As one of the emerging “tiger economies” of Asia, India has long enjoyed rapid growth. However, the global downturn left its mark on India’s economic progress, and the past several years have seen increased dissatisfaction within the country due to complex bureaucracy, inconsistent tax laws, infrastructure problems and other factors that impede job creation and economic growth.
Over the last few years, India has slipped down the list of priority investment areas for a number of global chemical companies.
New government leadership under Narendra Modi has promised a pro-business approach to address these issues. At the same time, a number of Indian petrochemical companies are making a move to increase their production levels and market share. Together, these two developments promise significant changes for a chemical industry serving markets in the world’s largest democracy.
“India is back in business.” 1
That was the sentiment expressed by many Indians dissatisfied with a stagnant economy when a new government administration headed by Prime Minister Narendra Modi was elected in May 2014. Mr.

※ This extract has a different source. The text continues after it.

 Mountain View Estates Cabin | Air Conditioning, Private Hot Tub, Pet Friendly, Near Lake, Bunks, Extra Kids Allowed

Modi offered voters a conservative, pro-business platform, stressing smaller government, promotion of private enterprise, reduction of government subsidies, reduced bureaucracy and support for increased foreign direct investment (FDI).
During the campaign, he talked about rolling out a "red carpet" for business rather than "red tape,"2 often refering to his success in promoting businesses during his tenure as chief minister for the West Indian state of Gujarat.
While many Indian companies have adopted a wait-and-see attitude toward the effect of the new government leadership on the economy, several ambitious petrochemical manufacturers have already taken dramatic steps to change the competitive landscape in their sector.
Despite a modest but steady growth rate expected for Indian chemicals, the industry will likely have to deal with significant fluctuations in markets for the ethylene, propylene and aromatics chains. Lower prices will also increase the possibility that producers will dump their feedstocks for offtake and develop more flexible product slates in the future. In addition, demand growth for aromatics (BTX) is outpacing capacity additions. Feedstock developments are constricting supply from steam crackers, while environmental regulations are limiting BTX output.
KPMG's analysis and client experience across geographies suggest that sustainable progress depends on Indian companies building on existing capabilities and introducing new ones. These capabilities include greater financial strength, more efficient production of bulk chemicals, increased partnering, better marketing and distribution, and improved management of margins across the refining and petrochemical sector. They also need to enhance project management, support more innovation, and increase their understanding of customer business models.
The new government offers new hope for the Indian chemical industry, and the early signs are positive. If the government can follow through on its commitments to foster a more business-friendly environment, the chemical industry can help serve as the foundation for further development of the country’s industrial manufacturing value chain. Indeed, we may start to see the Indian chemical industry re-establishing its position as an engine of growth for the global chemical industry.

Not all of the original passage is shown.